A flurry of comments have been filed recently with regulators about the proposed $45.2B merger of TW Cable and Comcast, meeting the FCC’s Monday deadline. Unsurprisingly, nobody likes it very much outside of the two companies.
The latest came from DISH, which has chimed in calling it ‘unprecedented consolidation’ that would cause ‘substantial harms’ to other residential video providers. Of course, it’s rather hard to recall any mergers of this sort that DISH hasn’t opposed lately. The satellite TV company has had its own ambitions to get bigger thwarted by deeper pockets several times now, and naturally isn’t happy with the prospect of its competition getting more competitive.
The FCC has asked Comcast for more information, demanding more data on all sorts of business practices. Lord knows they wouldn’t have gotten it by navigating the company’s voicemail and customer support systems.

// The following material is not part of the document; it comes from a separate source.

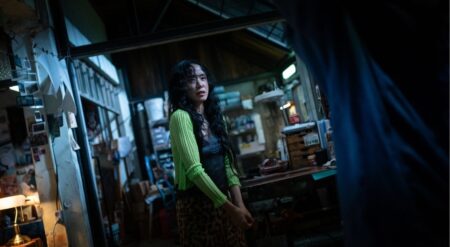 Jeon Do-yeon in The Price of Confession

Those have gotten some bad press lately, and as one who has had more than one of those heavily-scripted, lightly empowered reps on the phone in recent weeks, I think you can expect more of it.
That being said, it still isn’t clear that there are actually regulatory grounds for stopping the combination. I suspect the FCC will do its best to draw a little token blood in the form of some visible but minor concessions, then give in once the elections are over and the holiday season distracts some of the attention.
For its part, Comcast is now expecting to complete the deal by early next year. That’s a few months longer than initially forecast, but it is unsurprising given the range of opposing voices and the FCC’s close scrutiny.